The bit-patterns within the SDIO commands and responses are quite complex, and the code I’ve seen makes heavy use of bit-masking and shifting to combine the individual values into a single message. I’m not a fan of this approach, and prefer to use C language bitfields. For example, CMD52 has the following fields in the 6-byte message:

Start:             1 bit  (always 0)
Direction:         1 bit  (1 for command, 0 for response)
Command index:     6 bits (52 decimal for command 52)
R/W flag:          1 bit  (0 for read, 1 for write)
Function number:   3 bits (select the bus, backplane or radio interface)
RAW flag:          1 bit  (1 to read back result of write)
Unused:            1 bit
Register address: 17 bits (128K address space)
Unused:            1 bit
Data value:        8 bits (byte to be written, unused if read cycle)
CRC:               7 bits (cyclic redundancy check)
End:               1 bit  (always 1)

You’ll see that the values don’t all line up on convenient 8-bit boundaries; furthermore the data sheet defines the values with most-significant value first, whereas standard C structures have least-significant first.

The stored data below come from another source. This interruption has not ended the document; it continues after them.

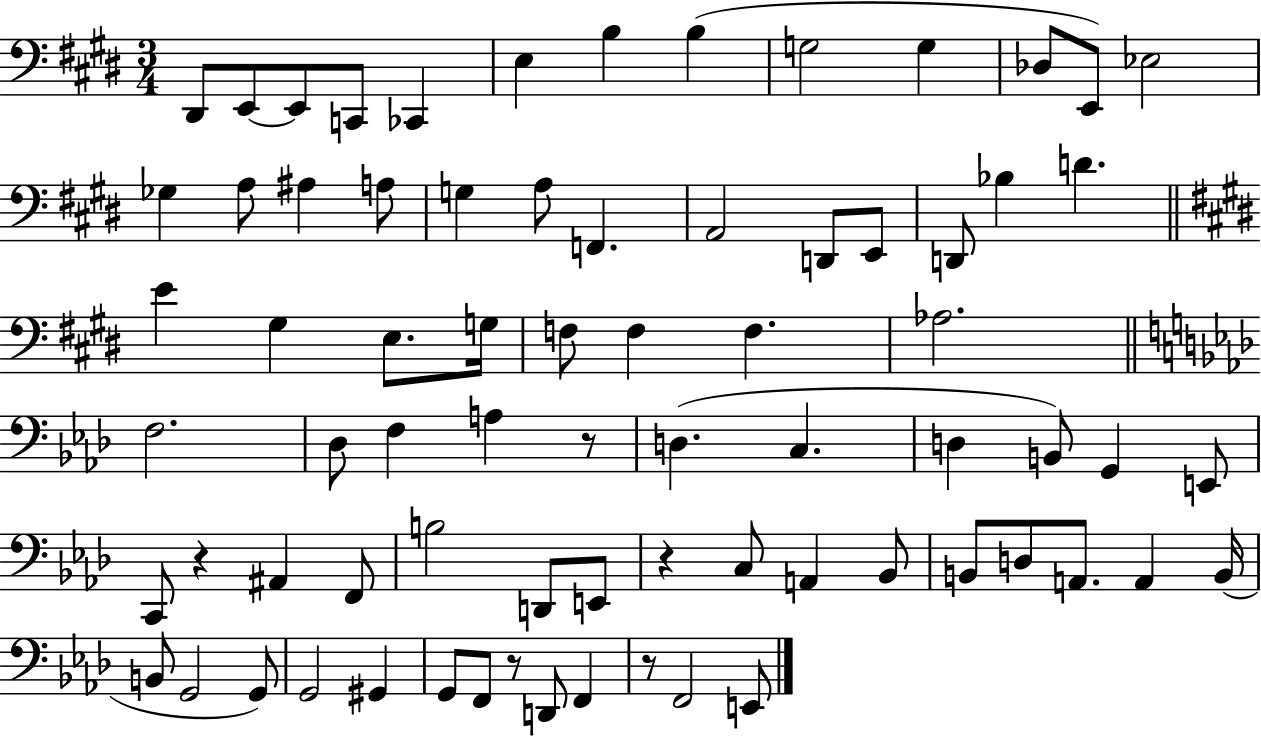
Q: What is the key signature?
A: E major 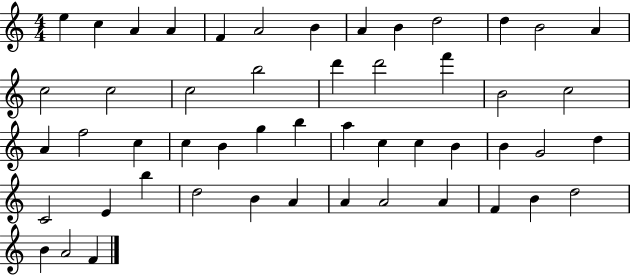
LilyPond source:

{
  \clef treble
  \numericTimeSignature
  \time 4/4
  \key c \major
  e''4 c''4 a'4 a'4 | f'4 a'2 b'4 | a'4 b'4 d''2 | d''4 b'2 a'4 | \break c''2 c''2 | c''2 b''2 | d'''4 d'''2 f'''4 | b'2 c''2 | \break a'4 f''2 c''4 | c''4 b'4 g''4 b''4 | a''4 c''4 c''4 b'4 | b'4 g'2 d''4 | \break c'2 e'4 b''4 | d''2 b'4 a'4 | a'4 a'2 a'4 | f'4 b'4 d''2 | \break b'4 a'2 f'4 | \bar "|."
} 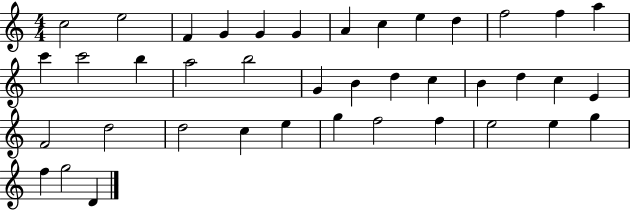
C5/h E5/h F4/q G4/q G4/q G4/q A4/q C5/q E5/q D5/q F5/h F5/q A5/q C6/q C6/h B5/q A5/h B5/h G4/q B4/q D5/q C5/q B4/q D5/q C5/q E4/q F4/h D5/h D5/h C5/q E5/q G5/q F5/h F5/q E5/h E5/q G5/q F5/q G5/h D4/q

My solution is to use macros to reverse the order of bits in the byte, so the command structure looks similar to the specification. These are used to create structures for the commands and responses, which are combined in a union.

#define BITF1(typ, a)             typ a
#define BITF2(typ, a, b)          typ b, a
#define BITF3(typ, a, b, c)       typ c, b, a
..and so on..

typedef struct
{
    BITF3(uint8_t,  start:1, cmd:1,   num:6);
    BITF5(uint8_t,  wr:1,    func:3,  raw:1, x1:1, addrh:2);
    BITF1(uint8_t,  addrm);
    BITF2(uint8_t,  addrl:7, x2:1);
    BITF1(uint8_t,  data);
    BITF2(uint8_t,  crc:7,   stop:1);
} SDIO_CMD52_STRUCT;

typedef union 
{
    SDIO_CMD52_STRUCT   cmd52;
    SDIO_RSP52_STRUCT   rsp52;
    SDIO_CMD53_STRUCT   cmd53;
    uint8_t             data[MSG_BYTES+2];
} SDIO_MSG;

The code to split the 17-bit address into 3 bytes is still a bit messy, but the structure definition does simplify the process of creating a command:

// Send SDIO command 52, get response, return 0 if none
int sdio_cmd52(int func, int addr, uint8_t data, int wr, int raw, SDIO_MSG *rsp)
{
    SDIO_MSG cmd={.cmd52 = {.start=0, .cmd=1, .num=52,
        .wr=wr, .func=func, .raw=raw, .x1=0, .addrh=(uint8_t)(addr>>15 & 3),
        .addrm=(uint8_t)(addr>>7 & 0xff), .addrl=(uint8_t)(addr&0x7f), .x2=0,
        .data=data, .crc=0, .stop=1}};

    return(sdio_cmd_rsp(&cmd, rsp));
}

For speed, the CRC is created using a byte-wide lookup table in RAM, which is computed on startup:

#define CRC7_POLY    (uint8_t)(0b10001001 << 1)

uint8_t crc7_table[256];

// Initialise CRC7 calculator
void crc7_init(void)
{
    for (int i=0; i<256; i++)
        crc7_table[i] = crc7_byte(i);
}

// Calculate 7-bit CRC of byte, return as bits 1-7
uint8_t crc7_byte(uint8_t b)
{
    uint16_t n, w=b;

    for (n=0; n<8; n++)
    {
        w <<= 1;
        if (w & 0x100)
            w ^= CRC7_POLY;
    }
    return((uint8_t)w);
}

// Calculate 7-bit CRC of data bytes, with l.s.bit as stop bit
uint8_t crc7_data(uint8_t *data, int n)
{
    uint8_t crc=0;

    while (n--)
        crc = crc7_table[crc ^ *data++];
    return(crc | 1);
}

Data CRC

The data transfer includes a CRC for every line, for example this is the transfer of the 4 bytes A6, A9, 41, and 15 hex.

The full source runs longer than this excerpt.